TASK INSTRUCTIONS
Which of the lines in the data below contain the string "Picture"? Copy each of them.

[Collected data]
----

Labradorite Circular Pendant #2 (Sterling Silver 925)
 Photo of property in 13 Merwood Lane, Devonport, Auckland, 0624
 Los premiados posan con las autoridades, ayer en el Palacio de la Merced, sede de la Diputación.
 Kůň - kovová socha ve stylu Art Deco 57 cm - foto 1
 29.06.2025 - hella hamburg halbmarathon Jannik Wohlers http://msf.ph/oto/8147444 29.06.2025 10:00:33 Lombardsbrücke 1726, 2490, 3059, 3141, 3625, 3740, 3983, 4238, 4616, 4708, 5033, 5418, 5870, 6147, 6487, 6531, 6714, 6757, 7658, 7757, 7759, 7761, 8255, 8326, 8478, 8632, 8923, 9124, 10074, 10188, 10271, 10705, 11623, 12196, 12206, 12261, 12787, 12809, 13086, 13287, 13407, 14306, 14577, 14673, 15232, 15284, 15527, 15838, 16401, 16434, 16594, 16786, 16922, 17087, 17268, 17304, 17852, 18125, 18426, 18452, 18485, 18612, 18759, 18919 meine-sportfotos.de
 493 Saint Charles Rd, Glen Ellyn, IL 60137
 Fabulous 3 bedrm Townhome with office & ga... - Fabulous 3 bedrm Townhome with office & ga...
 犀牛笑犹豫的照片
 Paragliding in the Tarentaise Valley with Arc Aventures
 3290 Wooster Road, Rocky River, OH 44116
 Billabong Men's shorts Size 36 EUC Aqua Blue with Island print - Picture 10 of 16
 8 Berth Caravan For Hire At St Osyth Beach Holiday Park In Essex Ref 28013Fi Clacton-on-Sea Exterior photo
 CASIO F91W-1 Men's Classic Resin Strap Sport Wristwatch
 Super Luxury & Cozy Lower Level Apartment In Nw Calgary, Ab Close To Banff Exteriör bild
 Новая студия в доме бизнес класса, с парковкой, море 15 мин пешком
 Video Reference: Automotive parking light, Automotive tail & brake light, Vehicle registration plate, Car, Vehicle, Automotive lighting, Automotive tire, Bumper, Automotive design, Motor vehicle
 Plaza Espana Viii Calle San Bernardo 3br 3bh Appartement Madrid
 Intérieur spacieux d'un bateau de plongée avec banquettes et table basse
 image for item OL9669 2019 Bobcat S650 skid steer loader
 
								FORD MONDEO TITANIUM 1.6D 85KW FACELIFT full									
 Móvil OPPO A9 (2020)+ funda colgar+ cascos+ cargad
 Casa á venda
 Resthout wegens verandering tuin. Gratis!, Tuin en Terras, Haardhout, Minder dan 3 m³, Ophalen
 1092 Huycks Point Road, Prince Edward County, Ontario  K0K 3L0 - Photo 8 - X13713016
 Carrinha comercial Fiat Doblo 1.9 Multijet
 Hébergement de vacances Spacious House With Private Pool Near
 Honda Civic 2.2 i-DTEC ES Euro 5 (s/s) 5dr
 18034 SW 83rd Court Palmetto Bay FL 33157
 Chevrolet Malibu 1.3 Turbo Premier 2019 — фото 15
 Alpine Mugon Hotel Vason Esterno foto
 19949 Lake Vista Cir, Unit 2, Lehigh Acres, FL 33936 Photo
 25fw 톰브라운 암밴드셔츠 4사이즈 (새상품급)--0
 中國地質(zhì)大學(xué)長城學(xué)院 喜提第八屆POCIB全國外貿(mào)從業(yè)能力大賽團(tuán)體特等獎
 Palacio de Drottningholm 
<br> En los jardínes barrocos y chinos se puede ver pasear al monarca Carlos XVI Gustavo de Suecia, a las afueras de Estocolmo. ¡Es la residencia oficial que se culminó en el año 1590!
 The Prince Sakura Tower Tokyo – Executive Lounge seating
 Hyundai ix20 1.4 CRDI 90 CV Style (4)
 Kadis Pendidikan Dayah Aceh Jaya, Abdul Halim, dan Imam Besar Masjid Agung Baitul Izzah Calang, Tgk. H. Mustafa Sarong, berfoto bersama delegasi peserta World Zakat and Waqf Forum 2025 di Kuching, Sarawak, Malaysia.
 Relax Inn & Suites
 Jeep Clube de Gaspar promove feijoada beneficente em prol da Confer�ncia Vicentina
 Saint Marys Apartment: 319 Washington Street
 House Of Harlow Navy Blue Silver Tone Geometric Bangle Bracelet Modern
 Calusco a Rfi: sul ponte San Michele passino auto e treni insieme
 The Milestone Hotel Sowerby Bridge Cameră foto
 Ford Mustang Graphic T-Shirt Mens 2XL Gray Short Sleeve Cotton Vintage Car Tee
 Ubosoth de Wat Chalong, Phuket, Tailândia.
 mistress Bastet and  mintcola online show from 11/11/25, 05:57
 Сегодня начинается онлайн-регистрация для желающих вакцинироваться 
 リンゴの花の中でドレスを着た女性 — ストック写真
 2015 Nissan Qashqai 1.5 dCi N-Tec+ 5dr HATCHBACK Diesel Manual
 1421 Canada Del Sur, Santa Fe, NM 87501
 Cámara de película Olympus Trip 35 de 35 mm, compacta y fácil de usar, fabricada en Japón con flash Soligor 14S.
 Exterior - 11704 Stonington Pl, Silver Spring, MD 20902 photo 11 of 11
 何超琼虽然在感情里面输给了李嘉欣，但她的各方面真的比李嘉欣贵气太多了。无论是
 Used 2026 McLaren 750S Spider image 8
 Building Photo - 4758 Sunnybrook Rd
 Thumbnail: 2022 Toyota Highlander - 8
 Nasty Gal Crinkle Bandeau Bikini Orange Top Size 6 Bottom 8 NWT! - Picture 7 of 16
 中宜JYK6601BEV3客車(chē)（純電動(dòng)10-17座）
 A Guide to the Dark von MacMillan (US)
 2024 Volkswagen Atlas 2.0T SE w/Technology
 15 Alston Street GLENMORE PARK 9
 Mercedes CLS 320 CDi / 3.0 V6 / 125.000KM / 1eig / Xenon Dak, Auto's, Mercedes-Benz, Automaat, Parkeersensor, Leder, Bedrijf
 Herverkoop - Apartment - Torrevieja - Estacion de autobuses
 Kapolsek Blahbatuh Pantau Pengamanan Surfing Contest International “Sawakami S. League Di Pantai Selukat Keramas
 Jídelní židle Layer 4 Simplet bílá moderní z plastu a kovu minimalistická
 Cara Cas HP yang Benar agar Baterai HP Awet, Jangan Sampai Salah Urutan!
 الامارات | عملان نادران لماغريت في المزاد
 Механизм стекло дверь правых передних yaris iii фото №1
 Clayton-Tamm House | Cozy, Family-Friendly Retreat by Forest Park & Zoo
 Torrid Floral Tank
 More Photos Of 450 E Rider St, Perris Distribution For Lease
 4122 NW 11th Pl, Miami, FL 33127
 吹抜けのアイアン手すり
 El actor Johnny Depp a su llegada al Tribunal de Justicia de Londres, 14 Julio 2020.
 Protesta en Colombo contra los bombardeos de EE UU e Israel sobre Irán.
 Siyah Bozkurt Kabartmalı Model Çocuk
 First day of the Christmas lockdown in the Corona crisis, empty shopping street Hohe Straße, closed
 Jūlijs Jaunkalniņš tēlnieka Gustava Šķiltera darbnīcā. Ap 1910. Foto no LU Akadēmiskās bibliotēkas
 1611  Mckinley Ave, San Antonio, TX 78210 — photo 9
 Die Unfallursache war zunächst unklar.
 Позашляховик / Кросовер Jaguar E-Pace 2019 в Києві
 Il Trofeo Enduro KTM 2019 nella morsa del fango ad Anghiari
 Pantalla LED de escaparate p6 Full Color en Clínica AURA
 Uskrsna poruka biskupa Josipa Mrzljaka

----

ANSWER TO THIS TASK
 Billabong Men's shorts Size 36 EUC Aqua Blue with Island print - Picture 10 of 16
 Nasty Gal Crinkle Bandeau Bikini Orange Top Size 6 Bottom 8 NWT! - Picture 7 of 16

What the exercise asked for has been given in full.